Crawl Amazon DocumentDB

Connect docs via MCP

Create an Amazon DocumentDB crawler workflow to extract and catalog metadata from your DocumentDB databases, collections, and inferred field schemas in Atlan. Amazon DocumentDB is crawled only through Self-Deployed Runtime running in the same VPC as your cluster. This guide walks you through installing the runtime, configuring the connection, and running the crawler.

Prerequisites

Before you begin, make sure you have:

Reviewed the order of operations for connecting data sources to Atlan.
Set up Amazon DocumentDB and created a crawl user with appropriate permissions.
The Amazon DocumentDB CA certificate (the global CA bundle global-bundle.pem), if your cluster requires TLS. For details, see How do I configure TLS CA certificates for DocumentDB? in the FAQ.

Create crawler workflow

To create an Amazon DocumentDB crawler workflow:

In the top navigation, click Marketplace.
Search for AWS DocumentDB Assets and select it.
Click Install.
Once installation completes, click Setup Workflow on the same tile.

If you navigated away before installation completed, go to New > New Workflow and select AWS DocumentDB Assets to proceed.

Choose extraction method

Amazon DocumentDB is crawled only through Self-Deployed Runtime. Choose the Self-deployed runtime tab below to configure the connection.

Direct
Self-deployed runtime

In Self-deployed runtime extraction, the runtime executes metadata extraction within your organization's environment, inside the same VPC as your DocumentDB cluster.

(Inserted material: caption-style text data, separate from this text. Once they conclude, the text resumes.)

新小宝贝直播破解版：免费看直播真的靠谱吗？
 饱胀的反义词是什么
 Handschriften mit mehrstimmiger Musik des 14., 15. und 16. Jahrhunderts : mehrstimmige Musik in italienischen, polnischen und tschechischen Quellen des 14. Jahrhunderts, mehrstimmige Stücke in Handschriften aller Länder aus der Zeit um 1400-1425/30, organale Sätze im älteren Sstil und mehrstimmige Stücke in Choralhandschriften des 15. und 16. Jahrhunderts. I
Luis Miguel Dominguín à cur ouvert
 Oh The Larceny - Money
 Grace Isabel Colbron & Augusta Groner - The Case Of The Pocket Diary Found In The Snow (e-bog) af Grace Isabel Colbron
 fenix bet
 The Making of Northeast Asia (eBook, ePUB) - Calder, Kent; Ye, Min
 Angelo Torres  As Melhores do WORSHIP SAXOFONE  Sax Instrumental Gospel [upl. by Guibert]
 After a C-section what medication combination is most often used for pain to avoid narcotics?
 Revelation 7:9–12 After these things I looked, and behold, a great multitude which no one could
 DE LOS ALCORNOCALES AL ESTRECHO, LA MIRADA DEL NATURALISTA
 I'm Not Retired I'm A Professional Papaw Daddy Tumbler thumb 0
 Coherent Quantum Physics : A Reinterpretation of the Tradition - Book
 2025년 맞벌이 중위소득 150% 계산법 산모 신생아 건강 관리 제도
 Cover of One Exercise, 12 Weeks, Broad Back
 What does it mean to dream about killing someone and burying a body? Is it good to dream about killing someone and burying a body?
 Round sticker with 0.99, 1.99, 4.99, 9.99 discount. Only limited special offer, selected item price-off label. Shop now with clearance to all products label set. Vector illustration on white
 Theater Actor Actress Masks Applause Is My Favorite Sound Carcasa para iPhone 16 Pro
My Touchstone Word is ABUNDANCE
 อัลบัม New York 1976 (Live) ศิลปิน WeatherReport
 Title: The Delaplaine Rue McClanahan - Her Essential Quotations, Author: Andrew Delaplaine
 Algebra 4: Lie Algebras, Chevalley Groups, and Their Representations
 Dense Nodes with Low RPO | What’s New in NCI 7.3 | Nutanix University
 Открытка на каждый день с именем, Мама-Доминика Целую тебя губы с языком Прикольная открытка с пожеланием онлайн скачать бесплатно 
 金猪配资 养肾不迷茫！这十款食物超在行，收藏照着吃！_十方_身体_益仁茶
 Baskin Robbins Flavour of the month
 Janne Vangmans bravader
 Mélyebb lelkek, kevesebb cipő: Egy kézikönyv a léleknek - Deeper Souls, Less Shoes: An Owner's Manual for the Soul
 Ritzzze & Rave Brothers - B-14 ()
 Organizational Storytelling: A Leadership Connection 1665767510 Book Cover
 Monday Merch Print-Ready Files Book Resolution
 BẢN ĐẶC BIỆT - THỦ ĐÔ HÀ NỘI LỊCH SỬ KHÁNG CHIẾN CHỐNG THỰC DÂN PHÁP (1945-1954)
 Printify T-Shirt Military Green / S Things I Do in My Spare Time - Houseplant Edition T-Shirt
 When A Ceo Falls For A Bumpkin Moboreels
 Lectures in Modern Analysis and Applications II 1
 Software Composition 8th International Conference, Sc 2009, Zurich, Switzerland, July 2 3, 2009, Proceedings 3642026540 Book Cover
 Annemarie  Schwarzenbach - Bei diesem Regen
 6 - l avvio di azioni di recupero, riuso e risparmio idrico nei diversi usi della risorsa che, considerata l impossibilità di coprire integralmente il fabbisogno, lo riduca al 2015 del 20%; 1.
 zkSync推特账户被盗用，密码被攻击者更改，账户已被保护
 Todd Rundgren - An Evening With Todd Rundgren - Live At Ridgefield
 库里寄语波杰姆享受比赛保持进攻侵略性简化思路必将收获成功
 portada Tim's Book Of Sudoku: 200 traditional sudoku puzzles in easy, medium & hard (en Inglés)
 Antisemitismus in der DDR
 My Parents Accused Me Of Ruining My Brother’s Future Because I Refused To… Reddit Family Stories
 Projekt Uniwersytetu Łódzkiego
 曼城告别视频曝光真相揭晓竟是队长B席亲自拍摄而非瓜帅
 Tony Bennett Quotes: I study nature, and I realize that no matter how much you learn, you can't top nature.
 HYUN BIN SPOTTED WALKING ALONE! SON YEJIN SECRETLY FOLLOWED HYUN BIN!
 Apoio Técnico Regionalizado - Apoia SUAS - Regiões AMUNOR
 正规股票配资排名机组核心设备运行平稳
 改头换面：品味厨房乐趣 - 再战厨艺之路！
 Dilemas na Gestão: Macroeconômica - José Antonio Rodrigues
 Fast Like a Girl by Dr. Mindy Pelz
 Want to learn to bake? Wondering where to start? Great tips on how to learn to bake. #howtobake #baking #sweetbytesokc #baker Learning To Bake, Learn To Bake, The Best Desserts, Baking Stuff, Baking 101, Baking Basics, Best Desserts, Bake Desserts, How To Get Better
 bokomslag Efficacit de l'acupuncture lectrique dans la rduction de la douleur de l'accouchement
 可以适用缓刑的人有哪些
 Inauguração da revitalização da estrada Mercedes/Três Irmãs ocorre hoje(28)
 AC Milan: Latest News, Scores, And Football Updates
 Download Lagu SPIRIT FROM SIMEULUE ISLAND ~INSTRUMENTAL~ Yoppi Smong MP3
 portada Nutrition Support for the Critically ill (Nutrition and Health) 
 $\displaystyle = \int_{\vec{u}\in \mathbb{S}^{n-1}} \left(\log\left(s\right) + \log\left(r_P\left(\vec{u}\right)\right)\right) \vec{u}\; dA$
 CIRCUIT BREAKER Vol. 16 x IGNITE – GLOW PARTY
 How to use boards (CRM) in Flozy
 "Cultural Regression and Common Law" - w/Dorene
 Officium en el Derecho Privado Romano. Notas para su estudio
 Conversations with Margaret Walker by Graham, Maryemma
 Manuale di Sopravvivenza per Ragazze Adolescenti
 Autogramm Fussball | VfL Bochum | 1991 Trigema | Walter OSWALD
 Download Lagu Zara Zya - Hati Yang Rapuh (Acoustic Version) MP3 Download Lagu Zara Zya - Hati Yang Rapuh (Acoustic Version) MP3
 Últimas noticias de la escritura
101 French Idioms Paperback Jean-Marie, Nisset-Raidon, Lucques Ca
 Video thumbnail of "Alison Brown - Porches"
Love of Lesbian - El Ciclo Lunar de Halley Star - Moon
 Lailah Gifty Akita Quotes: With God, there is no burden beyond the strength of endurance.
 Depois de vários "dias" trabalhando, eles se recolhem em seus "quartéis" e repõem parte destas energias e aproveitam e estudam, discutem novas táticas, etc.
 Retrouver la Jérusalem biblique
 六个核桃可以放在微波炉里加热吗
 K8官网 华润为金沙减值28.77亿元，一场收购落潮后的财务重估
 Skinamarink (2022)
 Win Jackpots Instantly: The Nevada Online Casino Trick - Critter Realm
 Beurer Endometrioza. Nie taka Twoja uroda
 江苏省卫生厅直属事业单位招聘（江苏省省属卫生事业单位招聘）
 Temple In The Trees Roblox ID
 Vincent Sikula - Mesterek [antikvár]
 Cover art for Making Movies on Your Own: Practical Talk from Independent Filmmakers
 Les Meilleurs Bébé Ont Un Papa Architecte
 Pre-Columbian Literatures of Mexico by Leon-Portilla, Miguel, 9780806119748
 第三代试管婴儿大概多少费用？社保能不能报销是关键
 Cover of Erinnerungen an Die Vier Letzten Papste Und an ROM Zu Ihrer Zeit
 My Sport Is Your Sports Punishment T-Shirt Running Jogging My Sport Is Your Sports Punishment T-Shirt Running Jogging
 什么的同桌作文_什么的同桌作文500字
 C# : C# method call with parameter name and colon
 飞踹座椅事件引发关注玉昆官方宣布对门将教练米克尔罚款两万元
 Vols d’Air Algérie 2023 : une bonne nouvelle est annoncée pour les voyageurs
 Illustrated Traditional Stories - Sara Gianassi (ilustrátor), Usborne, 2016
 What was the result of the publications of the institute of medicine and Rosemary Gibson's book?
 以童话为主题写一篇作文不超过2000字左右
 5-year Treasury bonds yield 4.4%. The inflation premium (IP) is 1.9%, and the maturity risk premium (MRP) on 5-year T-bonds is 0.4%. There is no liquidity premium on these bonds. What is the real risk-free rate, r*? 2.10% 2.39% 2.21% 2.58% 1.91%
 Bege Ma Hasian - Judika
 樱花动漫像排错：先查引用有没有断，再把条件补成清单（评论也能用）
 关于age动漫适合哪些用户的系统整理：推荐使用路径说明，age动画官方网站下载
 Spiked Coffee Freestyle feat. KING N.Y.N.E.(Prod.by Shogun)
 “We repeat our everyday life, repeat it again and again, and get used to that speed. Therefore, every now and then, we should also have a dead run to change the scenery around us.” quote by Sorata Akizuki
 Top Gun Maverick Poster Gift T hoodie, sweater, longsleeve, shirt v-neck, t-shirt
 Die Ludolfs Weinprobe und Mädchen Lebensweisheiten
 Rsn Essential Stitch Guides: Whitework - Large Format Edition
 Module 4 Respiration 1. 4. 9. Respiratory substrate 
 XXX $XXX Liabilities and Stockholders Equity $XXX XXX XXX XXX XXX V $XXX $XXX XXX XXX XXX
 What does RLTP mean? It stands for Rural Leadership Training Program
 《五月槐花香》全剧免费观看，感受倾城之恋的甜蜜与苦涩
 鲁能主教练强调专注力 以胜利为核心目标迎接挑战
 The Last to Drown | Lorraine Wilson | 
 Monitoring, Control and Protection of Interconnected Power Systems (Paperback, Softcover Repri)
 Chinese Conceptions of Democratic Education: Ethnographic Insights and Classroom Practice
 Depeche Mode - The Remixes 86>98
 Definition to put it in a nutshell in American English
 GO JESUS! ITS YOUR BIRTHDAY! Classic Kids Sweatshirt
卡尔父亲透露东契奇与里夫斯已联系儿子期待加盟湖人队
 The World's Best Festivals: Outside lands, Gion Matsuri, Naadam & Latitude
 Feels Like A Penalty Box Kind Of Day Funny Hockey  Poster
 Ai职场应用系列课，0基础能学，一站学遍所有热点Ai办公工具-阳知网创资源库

Install Self-Deployed Runtime in the same VPC as your DocumentDB cluster, if you haven't already:
- Install via Docker Compose
- Install on Kubernetes
On the extraction method step, select the Agent tab and choose your Self-Deployed Runtime.
Store sensitive information—such as the crawl user password or IAM credentials—in the secret store configured with your Self-Deployed Runtime, then reference those secrets in the corresponding fields. For more information, see Retrieve credentials.
Provide the connection details:
1. For Cluster endpoint, enter the hostname of your DocumentDB cluster endpoint. This is the network address where your DocumentDB cluster accepts connections.
2. For Port, enter the port number on which DocumentDB is listening. The default port is 27017.
3. For Authentication type, select the method the runtime uses to authenticate with your cluster:
  - Basic: Username and password authentication using SCRAM-SHA-1.
  - IAM: AWS Identity and Access Management authentication using the MONGODB-AWS mechanism.
4. Provide the credentials for the selected authentication type:
  - For Basic authentication, enter the Username and Password of the crawl user you created for Atlan.
  - For IAM authentication, provide the AWS credentials for the IAM user or role mapped to a DocumentDB user.
5. For Authentication database, enter the name of the database where the user credentials are stored. Typically, this is admin, but it can be any database where the user was created.
6. For TLS CA Certificate, provide the Amazon DocumentDB CA certificate (the global CA bundle global-bundle.pem, available from https://truststore.pki.rds.amazonaws.com/global/global-bundle.pem) using any of the input forms supported in SDR mode: upload it through the Atlan UI, reference a base64-encoded key in your secret store, or reference an objectstore:// path. Provide the complete bundle, not a single extracted certificate. For details, see How do I configure TLS CA certificates for DocumentDB? in the FAQ.
7. For Replica set, enter the name of the cluster's replica set. The default is rs0.
8. Select Skip TLS hostname verification if the runtime reaches your cluster through an SSH tunnel or another intermediate hop where the hostname presented in the TLS certificate doesn't match the address the runtime connects to.
9. Select Direct node connection to connect to a single node rather than discovering the replica set topology. This is the MongoDB directConnection driver option—use it when you want the runtime to connect to a specific node instead of performing replica-set discovery. It's a per-connection setting within Self-Deployed Runtime and is unrelated to how Atlan reaches your cluster.
Navigate to the bottom of the screen and click Next.

Configure connection

To complete the Amazon DocumentDB connection configuration:

Provide a Connection Name that represents your source environment. For example, you might use values like production, development, gold, or analytics.
To change the users who are able to manage this connection, change the users or groups listed under Connection Admins. If you don't specify any user or group, no one can manage the connection, not even admins.
Navigate to the bottom of the screen and click Next to proceed.

Configure crawler

Before running the Amazon DocumentDB crawler, you can further configure it.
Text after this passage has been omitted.